▶ AIM OF THE TASK
Write out an exact copy of the line containing "Citroen C1 1.0" and all lines that follow it in the data below, leaving out pictures.

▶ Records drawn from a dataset
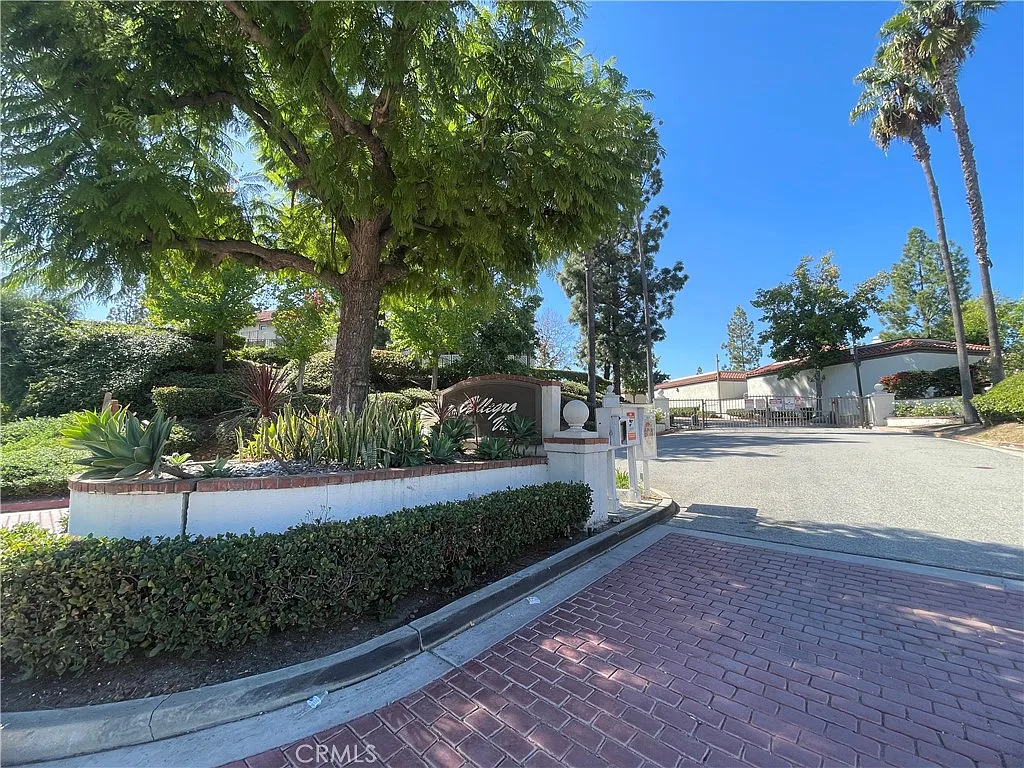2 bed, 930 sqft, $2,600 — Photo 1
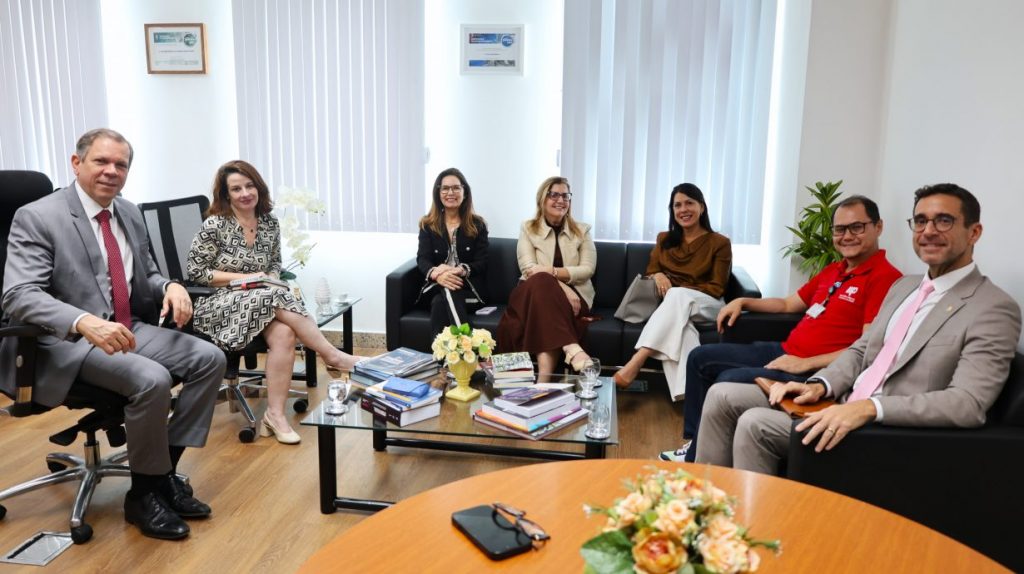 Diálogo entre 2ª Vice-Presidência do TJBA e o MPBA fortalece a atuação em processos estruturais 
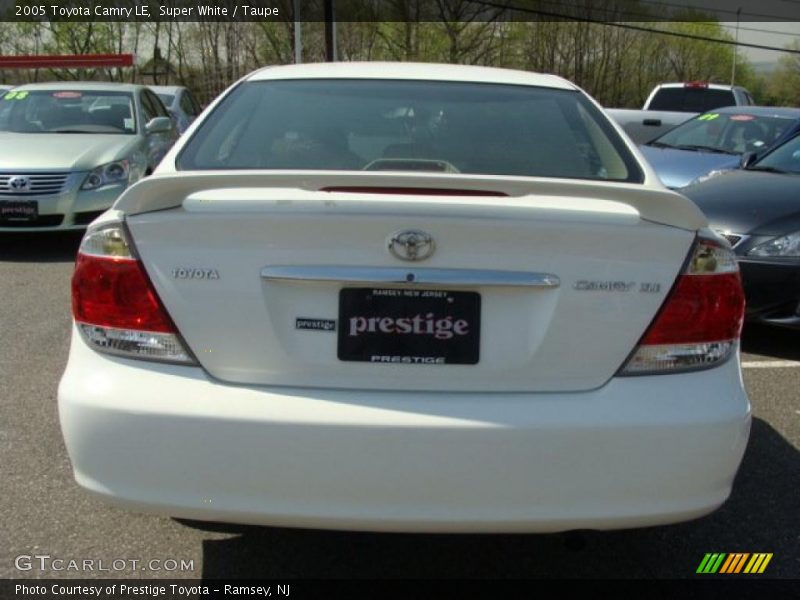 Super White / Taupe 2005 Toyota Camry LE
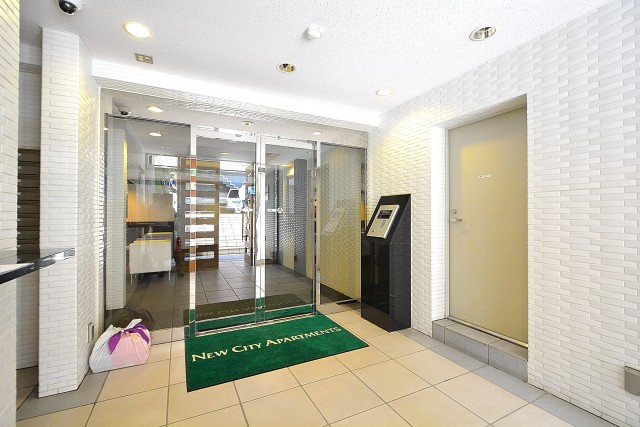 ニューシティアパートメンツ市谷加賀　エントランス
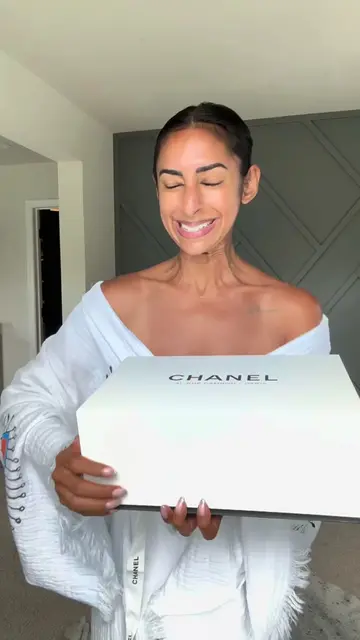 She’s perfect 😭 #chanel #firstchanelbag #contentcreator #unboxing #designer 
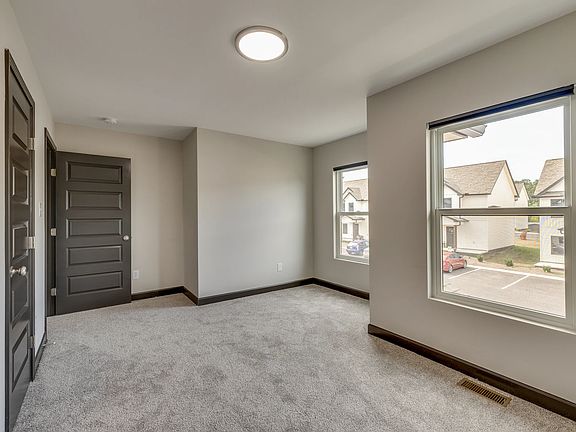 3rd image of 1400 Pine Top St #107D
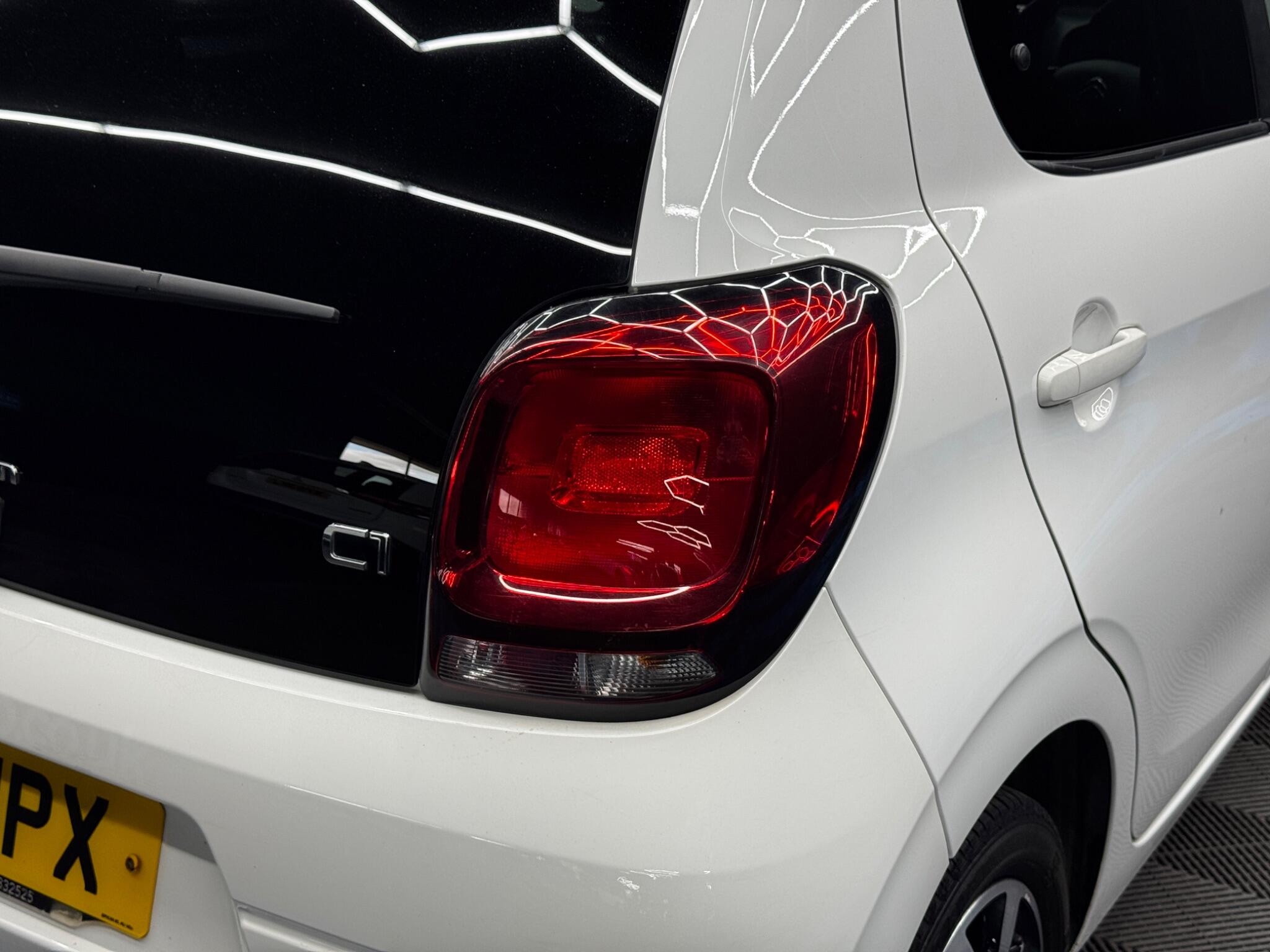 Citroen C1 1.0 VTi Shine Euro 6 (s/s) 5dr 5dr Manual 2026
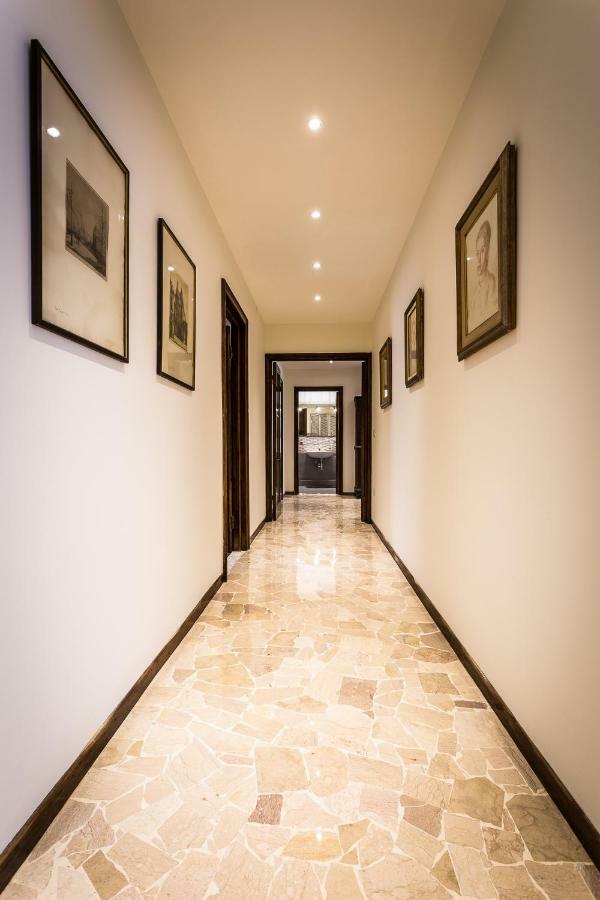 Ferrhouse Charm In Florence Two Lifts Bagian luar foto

▶ TASK OUTPUT
 Citroen C1 1.0 VTi Shine Euro 6 (s/s) 5dr 5dr Manual 2026
 Ferrhouse Charm In Florence Two Lifts Bagian luar foto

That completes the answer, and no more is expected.